Improved Streaming Algorithm for Fair $k$-Center Clustering
Longkun Guo, Zeyu Lin, Chaoqi Jia, Chao Chen
TL;DR
The paper tackles fair $k$-center clustering under streaming constraints by introducing a two-stage framework that buffers representative points via a $\lambda$-independent center set and then selects centers from that reserved subset. It achieves a 5-approximation in the streaming model with $O(k\log n)$ memory and extends to semi-structured data streams with 3- and 4-approximations for special cases, while also enabling a 3-approximation for the offline problem. A polynomial-time approach using an auxiliary bipartite graph turns Case (3) into a constrained vertex-cover problem, preserving fairness constraints. Empirical results on real and simulated datasets demonstrate improved clustering cost and runtime relative to baselines, and the 5-approximation bound is shown to be tight under sublinear memory, underscoring the practical impact of the method.
Abstract
Many real-world applications pose challenges in incorporating fairness constraints into the $k$-center clustering problem, where the dataset consists of $m$ demographic groups, each with a specified upper bound on the number of centers to ensure fairness. Focusing on big data scenarios, this paper addresses the problem in a streaming setting, where data points arrive one by one sequentially in a continuous stream.

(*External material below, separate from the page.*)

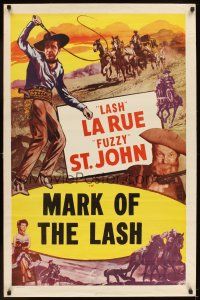 2b492 LASH LA RUE stock 1sh '50s wonderful art of Lash La Rue w/whip & Fuzzy St. John!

Leveraging a structure called the $λ$-independent center set, we propose a one-pass streaming algorithm that first computes a reserved set of points during the streaming process. Then, for the post-streaming process, we propose an approach for selecting centers from the reserved point set by analyzing all three possible cases, transforming the most complicated one into a specially constrained vertex cover problem in an auxiliary graph. Our algorithm achieves a tight approximation ratio of 5 while consuming $O(k\log n)$ memory. It can also be readily adapted to solve the offline fair $k$-center problem, achieving a 3-approximation ratio that matches the current state of the art. Furthermore, we extend our approach to a semi-structured data stream, where data points from each group arrive in batches. In this setting, we present a 3-approximation algorithm for $m = 2$ and a 4-approximation algorithm for general $m$. Lastly, we conduct extensive experiments to evaluate the performance of our approaches, demonstrating that they outperform existing baselines in both clustering cost and runtime efficiency.